Scan the following material for the string "with" and copy each line in which it appears.

>>>>

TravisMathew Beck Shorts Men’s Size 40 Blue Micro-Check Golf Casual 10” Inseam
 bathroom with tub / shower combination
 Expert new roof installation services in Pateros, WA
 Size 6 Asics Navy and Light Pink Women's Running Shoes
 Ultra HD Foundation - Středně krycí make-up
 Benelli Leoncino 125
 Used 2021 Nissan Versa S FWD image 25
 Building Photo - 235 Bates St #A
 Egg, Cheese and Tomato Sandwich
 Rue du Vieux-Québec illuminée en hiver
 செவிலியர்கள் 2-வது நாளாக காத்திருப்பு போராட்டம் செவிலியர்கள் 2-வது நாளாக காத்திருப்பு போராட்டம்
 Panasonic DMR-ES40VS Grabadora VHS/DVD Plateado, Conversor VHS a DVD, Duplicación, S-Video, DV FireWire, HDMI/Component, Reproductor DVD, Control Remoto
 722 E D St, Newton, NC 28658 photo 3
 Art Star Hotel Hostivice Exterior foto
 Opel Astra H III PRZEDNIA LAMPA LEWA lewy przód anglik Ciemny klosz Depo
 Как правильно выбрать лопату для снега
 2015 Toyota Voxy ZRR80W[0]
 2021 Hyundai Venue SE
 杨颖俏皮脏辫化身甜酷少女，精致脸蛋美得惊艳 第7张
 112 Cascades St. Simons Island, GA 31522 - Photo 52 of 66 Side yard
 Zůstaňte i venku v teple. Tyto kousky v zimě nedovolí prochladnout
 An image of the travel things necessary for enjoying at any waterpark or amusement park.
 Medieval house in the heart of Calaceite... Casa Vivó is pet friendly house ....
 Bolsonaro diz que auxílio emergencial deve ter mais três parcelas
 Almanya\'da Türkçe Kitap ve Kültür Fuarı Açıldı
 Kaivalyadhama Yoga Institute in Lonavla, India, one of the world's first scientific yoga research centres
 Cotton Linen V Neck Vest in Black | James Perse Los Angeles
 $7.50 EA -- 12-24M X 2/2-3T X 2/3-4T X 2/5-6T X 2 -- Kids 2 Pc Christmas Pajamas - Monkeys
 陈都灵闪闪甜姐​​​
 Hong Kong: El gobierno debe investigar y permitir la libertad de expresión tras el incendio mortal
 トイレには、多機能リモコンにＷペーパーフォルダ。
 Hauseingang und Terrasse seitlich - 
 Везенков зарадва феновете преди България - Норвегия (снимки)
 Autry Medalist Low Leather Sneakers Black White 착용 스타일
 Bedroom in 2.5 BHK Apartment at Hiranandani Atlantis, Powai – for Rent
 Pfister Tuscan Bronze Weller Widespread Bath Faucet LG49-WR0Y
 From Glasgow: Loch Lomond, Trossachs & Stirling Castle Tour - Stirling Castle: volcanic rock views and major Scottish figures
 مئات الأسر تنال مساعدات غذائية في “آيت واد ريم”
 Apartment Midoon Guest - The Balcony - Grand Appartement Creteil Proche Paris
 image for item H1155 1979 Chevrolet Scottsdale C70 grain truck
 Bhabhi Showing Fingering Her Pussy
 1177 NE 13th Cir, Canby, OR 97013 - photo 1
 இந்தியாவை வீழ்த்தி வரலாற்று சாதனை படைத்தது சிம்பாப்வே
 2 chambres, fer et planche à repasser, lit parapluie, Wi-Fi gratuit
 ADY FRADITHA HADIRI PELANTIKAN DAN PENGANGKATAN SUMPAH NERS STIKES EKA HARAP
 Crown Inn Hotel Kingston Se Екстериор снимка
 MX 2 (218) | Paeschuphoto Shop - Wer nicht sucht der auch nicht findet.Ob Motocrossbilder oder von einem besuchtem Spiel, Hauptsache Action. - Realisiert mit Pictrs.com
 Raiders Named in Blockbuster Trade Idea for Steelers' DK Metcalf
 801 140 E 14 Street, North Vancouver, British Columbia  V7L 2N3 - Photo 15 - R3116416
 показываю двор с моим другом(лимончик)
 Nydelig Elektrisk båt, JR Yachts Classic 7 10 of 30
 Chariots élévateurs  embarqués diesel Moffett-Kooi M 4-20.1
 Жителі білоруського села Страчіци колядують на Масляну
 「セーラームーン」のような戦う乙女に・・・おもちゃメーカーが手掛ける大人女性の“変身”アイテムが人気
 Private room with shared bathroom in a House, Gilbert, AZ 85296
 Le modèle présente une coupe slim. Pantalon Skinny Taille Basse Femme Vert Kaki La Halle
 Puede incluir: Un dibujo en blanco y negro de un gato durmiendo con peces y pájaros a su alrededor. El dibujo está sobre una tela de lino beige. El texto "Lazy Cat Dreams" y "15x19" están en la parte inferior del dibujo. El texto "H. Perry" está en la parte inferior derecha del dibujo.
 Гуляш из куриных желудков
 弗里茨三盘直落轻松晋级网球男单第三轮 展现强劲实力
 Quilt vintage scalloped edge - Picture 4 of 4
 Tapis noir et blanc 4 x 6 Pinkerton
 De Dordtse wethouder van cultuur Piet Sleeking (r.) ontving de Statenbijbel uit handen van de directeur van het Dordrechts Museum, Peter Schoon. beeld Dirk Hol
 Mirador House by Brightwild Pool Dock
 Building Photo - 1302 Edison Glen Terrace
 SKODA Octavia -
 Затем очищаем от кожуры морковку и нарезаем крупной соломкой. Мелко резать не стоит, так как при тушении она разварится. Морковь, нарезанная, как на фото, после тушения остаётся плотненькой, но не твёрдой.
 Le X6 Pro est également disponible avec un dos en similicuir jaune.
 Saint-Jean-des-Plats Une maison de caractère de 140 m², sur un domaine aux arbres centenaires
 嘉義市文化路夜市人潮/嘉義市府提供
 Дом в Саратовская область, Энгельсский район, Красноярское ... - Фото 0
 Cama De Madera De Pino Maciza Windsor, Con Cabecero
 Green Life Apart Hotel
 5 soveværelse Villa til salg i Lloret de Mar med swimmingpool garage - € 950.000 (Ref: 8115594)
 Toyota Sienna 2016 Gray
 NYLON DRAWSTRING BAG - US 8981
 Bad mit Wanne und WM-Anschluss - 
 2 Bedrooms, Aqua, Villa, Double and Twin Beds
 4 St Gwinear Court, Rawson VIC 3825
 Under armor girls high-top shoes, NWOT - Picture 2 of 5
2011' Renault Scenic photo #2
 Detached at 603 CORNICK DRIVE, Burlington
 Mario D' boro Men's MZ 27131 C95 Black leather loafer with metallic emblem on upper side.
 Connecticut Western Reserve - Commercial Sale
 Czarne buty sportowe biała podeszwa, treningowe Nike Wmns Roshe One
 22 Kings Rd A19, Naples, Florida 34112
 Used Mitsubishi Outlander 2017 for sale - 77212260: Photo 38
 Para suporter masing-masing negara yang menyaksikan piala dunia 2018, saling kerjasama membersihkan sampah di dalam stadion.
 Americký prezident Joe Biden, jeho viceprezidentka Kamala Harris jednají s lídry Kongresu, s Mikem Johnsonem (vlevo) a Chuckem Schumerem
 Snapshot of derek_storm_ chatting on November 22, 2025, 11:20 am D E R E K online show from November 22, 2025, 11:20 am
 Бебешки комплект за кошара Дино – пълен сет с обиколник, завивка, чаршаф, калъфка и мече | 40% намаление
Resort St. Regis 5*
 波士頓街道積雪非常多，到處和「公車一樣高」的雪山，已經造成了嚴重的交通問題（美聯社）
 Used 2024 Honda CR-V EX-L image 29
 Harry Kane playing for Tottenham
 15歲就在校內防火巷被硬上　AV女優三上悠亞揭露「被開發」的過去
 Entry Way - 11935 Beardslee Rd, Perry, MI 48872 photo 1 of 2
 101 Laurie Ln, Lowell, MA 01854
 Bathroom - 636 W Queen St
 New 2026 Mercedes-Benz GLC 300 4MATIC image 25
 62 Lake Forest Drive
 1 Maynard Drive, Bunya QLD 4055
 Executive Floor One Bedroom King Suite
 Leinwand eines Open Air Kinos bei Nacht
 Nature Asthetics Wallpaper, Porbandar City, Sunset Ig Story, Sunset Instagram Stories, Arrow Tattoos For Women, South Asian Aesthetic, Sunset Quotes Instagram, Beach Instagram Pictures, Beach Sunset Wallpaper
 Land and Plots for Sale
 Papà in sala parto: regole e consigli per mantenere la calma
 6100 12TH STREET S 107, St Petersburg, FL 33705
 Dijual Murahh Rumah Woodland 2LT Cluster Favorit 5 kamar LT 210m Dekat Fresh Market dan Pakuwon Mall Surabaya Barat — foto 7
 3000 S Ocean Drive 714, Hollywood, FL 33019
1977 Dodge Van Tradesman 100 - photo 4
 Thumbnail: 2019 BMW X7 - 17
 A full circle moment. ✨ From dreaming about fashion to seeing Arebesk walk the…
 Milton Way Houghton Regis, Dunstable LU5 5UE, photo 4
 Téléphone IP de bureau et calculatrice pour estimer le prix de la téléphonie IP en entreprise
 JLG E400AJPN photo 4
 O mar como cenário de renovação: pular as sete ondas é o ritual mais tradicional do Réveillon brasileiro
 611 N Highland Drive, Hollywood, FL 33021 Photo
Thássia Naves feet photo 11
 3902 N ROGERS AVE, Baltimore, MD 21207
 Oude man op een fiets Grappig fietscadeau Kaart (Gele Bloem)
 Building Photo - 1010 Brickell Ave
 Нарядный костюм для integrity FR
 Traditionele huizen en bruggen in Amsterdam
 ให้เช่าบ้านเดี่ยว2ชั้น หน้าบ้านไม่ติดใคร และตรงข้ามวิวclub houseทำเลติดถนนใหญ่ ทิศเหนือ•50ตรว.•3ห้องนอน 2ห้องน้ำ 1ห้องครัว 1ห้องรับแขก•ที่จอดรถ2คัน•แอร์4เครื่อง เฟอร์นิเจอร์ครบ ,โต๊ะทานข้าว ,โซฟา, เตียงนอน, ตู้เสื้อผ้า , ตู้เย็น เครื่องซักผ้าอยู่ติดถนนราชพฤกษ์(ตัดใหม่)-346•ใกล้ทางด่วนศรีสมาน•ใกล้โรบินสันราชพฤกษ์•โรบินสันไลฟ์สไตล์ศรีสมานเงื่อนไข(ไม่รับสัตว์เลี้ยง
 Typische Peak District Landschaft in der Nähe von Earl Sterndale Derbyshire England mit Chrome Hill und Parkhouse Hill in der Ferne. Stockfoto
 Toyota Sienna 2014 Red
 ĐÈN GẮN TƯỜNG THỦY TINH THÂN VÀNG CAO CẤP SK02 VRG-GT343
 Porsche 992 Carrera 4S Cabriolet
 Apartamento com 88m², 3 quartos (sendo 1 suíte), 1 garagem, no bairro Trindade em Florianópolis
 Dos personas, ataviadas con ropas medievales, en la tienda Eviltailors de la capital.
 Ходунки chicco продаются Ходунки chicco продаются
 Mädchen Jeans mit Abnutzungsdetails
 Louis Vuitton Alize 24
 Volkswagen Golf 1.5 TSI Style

<<<<

- TASK ANSWER
 bathroom with tub / shower combination
 Private room with shared bathroom in a House, Gilbert, AZ 85296
 Mario D' boro Men's MZ 27131 C95 Black leather loafer with metallic emblem on upper side.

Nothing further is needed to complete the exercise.